When to Use an Existing Framework Instead
You should use an existing framework when your task is general-purpose and your domain has no unique fields that require custom treatment. Building a custom framework has a time cost, and that cost is only justified when existing options produce outputs that need significant manual rework.
Use an existing framework when:
- Your task fits a standard category β summaries, code generation, content drafts, research synthesis β and existing frameworks like RTF, SPECS, or CO-STAR produce acceptable outputs.
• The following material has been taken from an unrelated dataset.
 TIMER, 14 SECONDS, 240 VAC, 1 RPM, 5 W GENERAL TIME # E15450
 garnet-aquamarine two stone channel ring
- Your team is new to prompt engineering and benefits from learning a well-documented framework before customizing.
- You need to get started quickly and can iterate later once you understand which building blocks matter most for your domain.
- The task is a one-off rather than a recurring workflow, so the investment in designing a custom framework does not pay off.
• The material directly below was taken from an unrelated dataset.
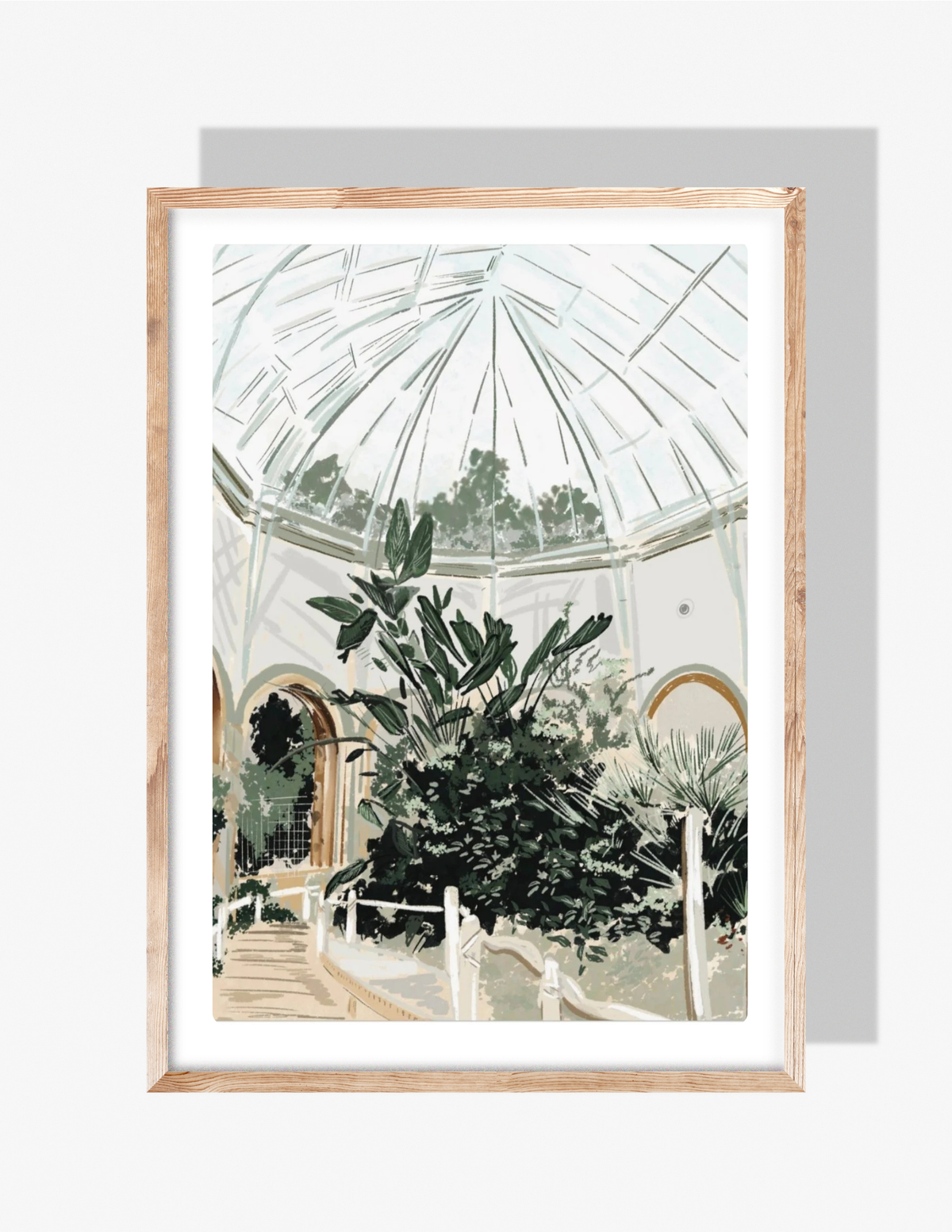 Illustration of a bright garden conservatory with a glass dome ceiling, lush tropical plants, and a curved walkway by Rebecca Illustrated.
Testing Custom Frameworks Across Models
A custom framework must produce consistent results across the models your team actually uses, not just the one you designed it on. Different models interpret field labels, constraint boundaries, and format specifications differently. A framework that works on GPT-4o may produce degraded outputs on Claude 4.6 Sonnet or Gemini 2.5 Pro if field names are ambiguous or constraints are implicit.
Testing protocol for custom frameworks:
- Send each of your three test prompts to at least two cloud models (for example GPT-4o and Claude 4.6 Sonnet) and one local model (for example Llama 3 70B via Ollama).
- Score each output on three dimensions: field compliance (did the model use every field?), constraint adherence (did the model stay within boundaries?), and format accuracy (does the output match the specified structure?).
- If any model scores below 7/10 on any dimension, adjust the framework β typically by making implicit constraints explicit or reordering fields so critical information appears first.
- Re-test after each adjustment until all models meet your threshold on all three test prompts.
How PromptQuorum Supports Custom Frameworks
PromptQuorum is a multi-model AI dispatch tool that lets you save custom framework templates and test them across GPT-4o, Claude 4.6 Sonnet, Gemini 2.5 Pro, and local models via Ollama or LM Studio in a single interface. Instead of copying your custom prompt into multiple chat windows, you fill in your framework fields once and dispatch to all target models simultaneously.
In PromptQuorum, custom frameworks let you:
- Save your custom framework as a reusable template with labeled fields that any team member can fill in without prompt engineering training.
- Dispatch the same framework-structured prompt to multiple models and compare outputs side by side β identifying which model handles your domain-specific fields most reliably.
- Version your framework templates so you can track changes, roll back to previous versions, and audit which framework version produced a specific output.
- Share framework templates across your team with role-based access so that domain experts own the template structure while end users fill in the fields.
Custom Frameworks and EU AI Act Documentation
Custom prompt frameworks satisfy EU AI Act Article 13 transparency requirements by creating a documented, auditable record of every instruction sent to an AI system. When your framework includes labeled fields for Role, Context, Instructions, Constraints, and Output Format, each prompt instance becomes a structured log entry that regulators can review.
Article 13 requires that high-risk AI system providers document how the system is intended to be used, including the inputs it receives. A custom framework with named fields creates this documentation automatically β every filled-in template records what the model was told, what constraints were applied, and what output structure was requested.
Organizations subject to the EU AI Act can export framework-structured prompts from PromptQuorum as JSON logs. Each log entry maps directly to the Article 13 documentation requirements: the Role field documents the intended use context, Constraints documents boundary conditions, and Output Format documents the expected response structure.